There is also an encampment in Tijuana that sprang up earlier this year where there is no public sanitation. There is one bathroom that the more than 1,000 migrants in the camp have to pay to use, but some people don’t have the money. That had led to concerns about infectious diseases spreading among the population.

Janeway said she saw one child staying at the government-run shelters who had a severe asthma attack and who was turned away from several hospitals since there is currently no public hospital in Tijuana that is accepting patients other than those presenting with Covid-19. The child finally received emergency care an hour’s drive away.

“What if that child had had a more serious [asthma attack]? It’s likely that they could have died,” she said.

Migrants with severe health problems have nowhere to turn besides free clinics run by Janeway and some other groups.

“But if they need emergency care or something beyond the scope of what we’re able to provide, they’re really facing having to go over 45 minutes away to a hospital that is stretched very thin right now and doesn’t have the basic necessities to provide adequate care,” she said.

Migrants are also being transported on buses where they often aren’t given masks, Janeway said. If they were allowed to enter the US, where many of them are planning to reunite with family members, they would be able to isolate more effectively. One 2019 study found that 92 percent of asylum seekers at the southern border had family or friends in the US that they could stay with.
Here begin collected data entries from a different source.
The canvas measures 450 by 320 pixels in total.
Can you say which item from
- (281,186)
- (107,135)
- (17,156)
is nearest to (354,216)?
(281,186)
There is a model for how to safely and humanely process people

The Biden administration has suggested that the Title 42 policy is a kind of stopgap policy until it can implement a new asylum processing system. In the meantime, its message to migrants is “don’t come.”
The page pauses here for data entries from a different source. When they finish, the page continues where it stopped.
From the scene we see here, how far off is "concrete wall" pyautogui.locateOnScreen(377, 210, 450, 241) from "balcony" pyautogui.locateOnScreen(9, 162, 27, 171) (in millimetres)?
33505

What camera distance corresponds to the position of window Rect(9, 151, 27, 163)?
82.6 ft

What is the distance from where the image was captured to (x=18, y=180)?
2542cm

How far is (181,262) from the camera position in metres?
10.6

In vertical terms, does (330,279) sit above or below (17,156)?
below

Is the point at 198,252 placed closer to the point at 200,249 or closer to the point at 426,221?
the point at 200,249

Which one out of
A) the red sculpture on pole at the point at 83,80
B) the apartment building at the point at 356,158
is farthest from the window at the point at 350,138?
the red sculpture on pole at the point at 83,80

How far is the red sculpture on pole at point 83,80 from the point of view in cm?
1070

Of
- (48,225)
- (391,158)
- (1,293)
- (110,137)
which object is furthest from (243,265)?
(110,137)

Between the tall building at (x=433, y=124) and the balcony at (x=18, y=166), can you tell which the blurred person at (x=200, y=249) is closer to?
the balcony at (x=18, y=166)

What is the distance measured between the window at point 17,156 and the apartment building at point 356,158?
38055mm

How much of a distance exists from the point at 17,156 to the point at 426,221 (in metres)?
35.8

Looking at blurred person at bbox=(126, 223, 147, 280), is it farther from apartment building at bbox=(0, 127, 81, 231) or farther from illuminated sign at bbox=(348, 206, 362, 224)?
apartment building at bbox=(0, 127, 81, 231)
“[W]e have not had the time, as an administration, to put in place a humane, comprehensive process for processing individuals who are coming to the border,” White House press secretary Jen Psaki said in a press conference in February. “Asylum processes at the border will not occur immediately; it will take time to implement.”

But immigrant advocates have argued that’s no justification for maintaining the policy that is supposed to be based on protecting public health. What’s more, a system to process migrants arriving on the border already exists.
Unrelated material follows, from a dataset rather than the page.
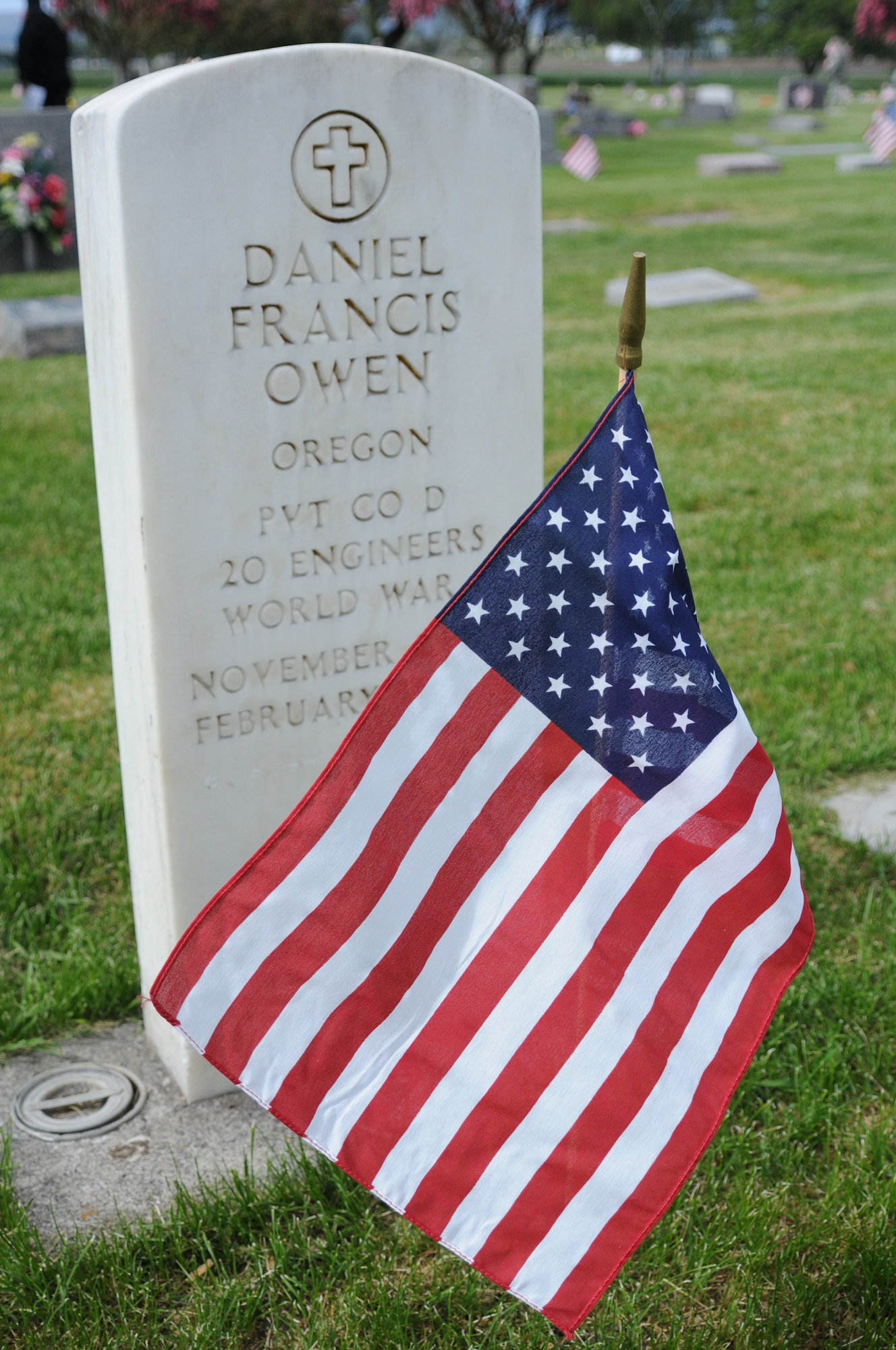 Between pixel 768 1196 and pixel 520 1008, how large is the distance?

In coordination with the United Nations Refugee Agency (UNHCR) and the International Organization for Migration, Janeway’s organization is conducting health screenings and providing medical passports for people staying at one of the large shelters in Tijuana who were part of the Remain in Mexico program. At the direction of the Biden administration, they are processing 50 to 75 people a day so that they can cross the border in an orderly and safe way to await their immigration court hearings in the US.

That kind of system is scalable given the availability of rapid PCR and antigen testing for Covid-19 if the US were to lift the Title 42 restrictions and resume processing all migrants arriving on the border, Janeway said.

“Migrants can safely cross into the United States, and it’s already being done,” she said. “It could happen with other individuals as well, but it’s just obvious that the US government doesn’t have an interest in doing that right now because they haven’t allowed for it to happen.”

But she said that Covid-19 testing doesn’t even necessarily need to occur for processing to resume. In her view, it would be enough for migrants just to use masks, wash their hands, and abide by social distancing.

“We’re doing a lot of things right now to appease people who are involved in this process, but do I think that they are necessary from a public health standpoint? The answer is no,” she said.